HTTP API
HTTP API is a new flavor of API Gateway. Benefits of using the API include delivering enhanced features, improved performance, and an easier developer experience. In addition, HTTP APIs come with reduced request pricing.
For private integrations, HTTP APIs offer additional integration
endpoints for a VPC link, such as ALBs, NLBs, and
AWS Cloud Map
Private integration
Because HTTP APIs offer three different private integration targets, you should consider which integration target best suits your use case. Depending on the backend service, one or more targets can be used by creating multiple VPC endpoints.
Table 2 – HTTP API private integration
| Integration target | Listener | Use cases |
|---|---|---|
| NLB | TCP or TLS listener |
TLS passthrough is possible High throughput |
| ALB | HTTP or HTTPS listener |
Layer 7 routing Content-based routing |
| AWS Cloud Map |
Namespace/service AWS Cloud Map parameters (optional) |
Service discovery |
Sample architecture patterns
ALB architecture (ECS)
HTTP API private integration allows NLB and ALB for integration targets for load balancers. If you have any backend service fronted with ALBs, you can use the existing setup without re-architecting. Because ALBs allow different routing options, such as path-based routing, this option provides flexibility on the ALB routing level. To create listener rules to achieve path-based routing, refer to Listener rules for your Application Load Balancer.
The following figure shows private integration with ALB in HTTP API. The ALB uses path-based routing rules to route traffic to two different ECS services.

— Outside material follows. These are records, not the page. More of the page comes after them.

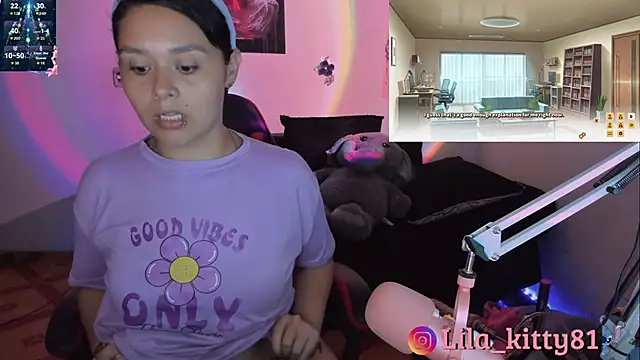 Snapshot of lila_kitty81 chatting on 12.02.25 lila kitty81 online show from 12.02.25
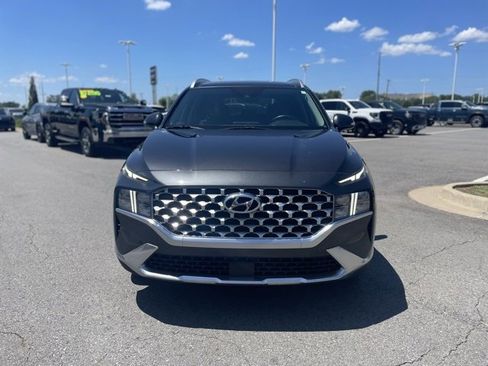 Used 2022 Hyundai Santa Fe SEL w/ Convenience + Premium Package image 2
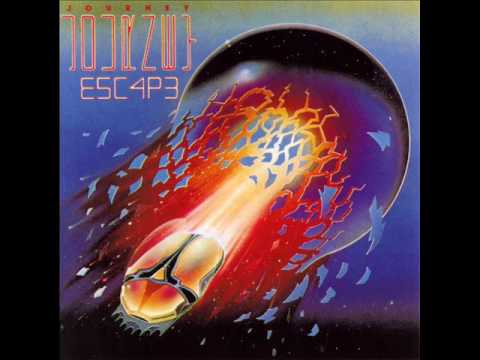 Journey - Who's Crying Now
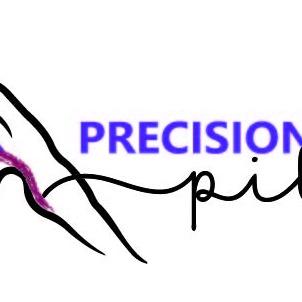 Precision Pilates Studio Logo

HTTP API private integration with ALB
Cloud Map architecture (microservices)
With the AWS Cloud Map target option, you can use AWS Cloud Map to discover services like ECS and EC2-based services. Using AWS Cloud Map as a front-end service for microservices, you can leverage a private integration with an AWS Cloud Map target in HTTP APIs to route requests to different endpoints.
HTTP API private integration with Cloud Map
Private integration cross-account
For cross-account access of private resources with HTTP APIs the architecture is very similar to that of REST APIs. The difference is you now have the choice of ALB, NLB or AWS Cloud Map for the VPC Link, rather than just an NLB.
In the sample architecture below AWS PrivateLink is used to access resources in another AWS account. The VPC link must exist in the same account as the API Gateway. The Application Load Balancer used in this VPC link is pointing to the VPC endpoint private IP addresses of the PrivateLink connection.
HTTP private cross-account integration using AWS PrivateLink
For more detail on the above architecture and to deploy a code
example, refer to
Building
private cross-account APIs using Amazon API Gateway and AWS PrivateLink
With HTTP APIs, you can also use AWS Cloud Map to create a VPC link connection. In the following sample architecture, AWS Cloud Map is used to resolve private resources in another AWS account. The central API Gateway account and the resource account VPCs are connected using AWS Transit Gateway VPC attachments to provide private routing. Transit Gateway is an alternative to using VPC peering by providing a hub and spoke network design.
HTTP private cross-account integration using AWS Cloud Map and AWS Transit Gateway
Note
AWS Cloud Map integration using Amazon ECS service discovery does not support cross-account patterns. To implement the architecture shown in the previous diagram, you must register cross-account ECS resources manually in the AWS Cloud Map namespace.